---- RECORDS SUPPLIED
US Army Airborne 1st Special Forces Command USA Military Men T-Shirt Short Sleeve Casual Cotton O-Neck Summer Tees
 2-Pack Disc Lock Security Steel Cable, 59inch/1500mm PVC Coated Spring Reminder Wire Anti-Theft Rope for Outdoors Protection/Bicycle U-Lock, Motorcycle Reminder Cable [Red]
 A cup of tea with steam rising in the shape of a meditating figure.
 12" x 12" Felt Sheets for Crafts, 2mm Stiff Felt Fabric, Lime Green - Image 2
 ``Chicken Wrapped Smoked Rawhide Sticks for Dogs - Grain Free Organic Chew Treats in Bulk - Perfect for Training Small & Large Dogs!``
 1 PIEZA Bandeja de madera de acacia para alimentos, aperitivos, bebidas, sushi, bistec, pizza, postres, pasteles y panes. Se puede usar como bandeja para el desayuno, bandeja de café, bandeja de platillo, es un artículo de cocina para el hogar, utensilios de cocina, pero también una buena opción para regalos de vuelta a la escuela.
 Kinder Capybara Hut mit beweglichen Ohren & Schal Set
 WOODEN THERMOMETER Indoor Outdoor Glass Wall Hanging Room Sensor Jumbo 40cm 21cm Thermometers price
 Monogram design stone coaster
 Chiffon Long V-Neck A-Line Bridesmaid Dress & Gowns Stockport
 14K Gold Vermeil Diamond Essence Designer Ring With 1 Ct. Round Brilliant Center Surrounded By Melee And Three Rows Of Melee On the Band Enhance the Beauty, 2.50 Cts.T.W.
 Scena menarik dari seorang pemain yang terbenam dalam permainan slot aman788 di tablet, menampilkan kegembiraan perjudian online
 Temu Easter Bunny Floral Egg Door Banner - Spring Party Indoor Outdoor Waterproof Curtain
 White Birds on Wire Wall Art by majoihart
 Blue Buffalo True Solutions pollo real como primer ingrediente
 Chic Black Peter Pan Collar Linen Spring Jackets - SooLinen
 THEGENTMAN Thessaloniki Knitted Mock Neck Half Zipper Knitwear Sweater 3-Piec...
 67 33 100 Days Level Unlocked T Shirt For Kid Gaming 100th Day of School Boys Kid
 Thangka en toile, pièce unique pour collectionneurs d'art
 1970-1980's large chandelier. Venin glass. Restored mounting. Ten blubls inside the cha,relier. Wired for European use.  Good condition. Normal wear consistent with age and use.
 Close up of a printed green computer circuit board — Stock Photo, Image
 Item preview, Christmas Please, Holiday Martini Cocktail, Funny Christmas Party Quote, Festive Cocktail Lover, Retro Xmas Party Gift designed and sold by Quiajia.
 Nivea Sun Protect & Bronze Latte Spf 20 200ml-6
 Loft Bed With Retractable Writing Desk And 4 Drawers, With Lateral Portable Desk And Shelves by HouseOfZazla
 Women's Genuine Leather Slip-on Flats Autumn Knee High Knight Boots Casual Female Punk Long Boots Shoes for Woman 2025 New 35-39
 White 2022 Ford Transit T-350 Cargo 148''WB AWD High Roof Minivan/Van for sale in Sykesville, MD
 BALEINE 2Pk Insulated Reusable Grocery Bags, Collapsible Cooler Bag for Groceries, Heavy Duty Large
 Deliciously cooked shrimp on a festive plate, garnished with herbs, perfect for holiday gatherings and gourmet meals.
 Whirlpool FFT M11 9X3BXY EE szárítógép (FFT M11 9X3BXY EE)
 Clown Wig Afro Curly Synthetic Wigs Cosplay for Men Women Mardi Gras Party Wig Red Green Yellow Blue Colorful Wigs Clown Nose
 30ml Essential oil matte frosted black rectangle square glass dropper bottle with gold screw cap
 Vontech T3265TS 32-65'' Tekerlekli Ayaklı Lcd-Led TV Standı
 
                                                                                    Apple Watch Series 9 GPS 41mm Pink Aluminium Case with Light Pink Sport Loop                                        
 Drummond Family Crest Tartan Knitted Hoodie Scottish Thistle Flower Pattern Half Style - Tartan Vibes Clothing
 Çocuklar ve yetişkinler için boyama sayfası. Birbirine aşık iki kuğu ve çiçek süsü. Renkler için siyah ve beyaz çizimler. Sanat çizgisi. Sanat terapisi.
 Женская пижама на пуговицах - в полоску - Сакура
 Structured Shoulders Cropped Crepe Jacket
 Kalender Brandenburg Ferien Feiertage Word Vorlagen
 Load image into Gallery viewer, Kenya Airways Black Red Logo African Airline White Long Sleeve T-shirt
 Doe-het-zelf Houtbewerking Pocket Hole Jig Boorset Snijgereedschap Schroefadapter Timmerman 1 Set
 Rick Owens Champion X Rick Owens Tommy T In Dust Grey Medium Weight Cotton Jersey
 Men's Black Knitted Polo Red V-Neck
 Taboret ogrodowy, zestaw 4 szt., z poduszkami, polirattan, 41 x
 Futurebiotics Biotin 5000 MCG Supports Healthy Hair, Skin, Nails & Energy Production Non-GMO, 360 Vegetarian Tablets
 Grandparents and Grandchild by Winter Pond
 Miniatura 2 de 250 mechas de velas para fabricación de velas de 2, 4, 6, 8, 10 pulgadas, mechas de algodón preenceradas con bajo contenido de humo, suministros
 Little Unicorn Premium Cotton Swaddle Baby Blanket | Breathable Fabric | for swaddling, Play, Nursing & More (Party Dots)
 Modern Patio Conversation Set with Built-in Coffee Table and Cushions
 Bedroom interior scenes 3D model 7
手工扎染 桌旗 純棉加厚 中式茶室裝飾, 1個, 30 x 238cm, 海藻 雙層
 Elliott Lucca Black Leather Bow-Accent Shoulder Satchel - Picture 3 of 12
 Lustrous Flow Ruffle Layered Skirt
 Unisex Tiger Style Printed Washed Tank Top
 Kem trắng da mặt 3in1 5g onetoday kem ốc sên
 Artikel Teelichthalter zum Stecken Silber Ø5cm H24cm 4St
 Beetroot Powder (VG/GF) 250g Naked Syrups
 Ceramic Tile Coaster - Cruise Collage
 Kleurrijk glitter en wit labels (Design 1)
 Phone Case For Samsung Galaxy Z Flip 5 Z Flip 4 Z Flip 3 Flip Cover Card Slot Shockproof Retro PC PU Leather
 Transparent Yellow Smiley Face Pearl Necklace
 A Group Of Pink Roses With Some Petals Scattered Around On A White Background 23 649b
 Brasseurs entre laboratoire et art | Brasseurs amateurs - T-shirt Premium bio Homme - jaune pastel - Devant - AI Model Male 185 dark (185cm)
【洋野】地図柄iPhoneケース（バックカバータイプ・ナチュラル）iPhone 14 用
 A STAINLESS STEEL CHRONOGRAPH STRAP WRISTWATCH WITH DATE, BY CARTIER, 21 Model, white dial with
--------
Copy range, inclusive: the line holding "Doe-het-zelf Houtbewerking Pocket" to the line holding "Lustrous Flow Ruffle Layered Skirt". Reproduce exactly those lines of the records above and no others.

● TASK OUTPUT
 Doe-het-zelf Houtbewerking Pocket Hole Jig Boorset Snijgereedschap Schroefadapter Timmerman 1 Set
 Rick Owens Champion X Rick Owens Tommy T In Dust Grey Medium Weight Cotton Jersey
 Men's Black Knitted Polo Red V-Neck
 Taboret ogrodowy, zestaw 4 szt., z poduszkami, polirattan, 41 x
 Futurebiotics Biotin 5000 MCG Supports Healthy Hair, Skin, Nails & Energy Production Non-GMO, 360 Vegetarian Tablets
 Grandparents and Grandchild by Winter Pond
 Miniatura 2 de 250 mechas de velas para fabricación de velas de 2, 4, 6, 8, 10 pulgadas, mechas de algodón preenceradas con bajo contenido de humo, suministros
 Little Unicorn Premium Cotton Swaddle Baby Blanket | Breathable Fabric | for swaddling, Play, Nursing & More (Party Dots)
 Modern Patio Conversation Set with Built-in Coffee Table and Cushions
 Bedroom interior scenes 3D model 7
手工扎染 桌旗 純棉加厚 中式茶室裝飾, 1個, 30 x 238cm, 海藻 雙層
 Elliott Lucca Black Leather Bow-Accent Shoulder Satchel - Picture 3 of 12
 Lustrous Flow Ruffle Layered Skirt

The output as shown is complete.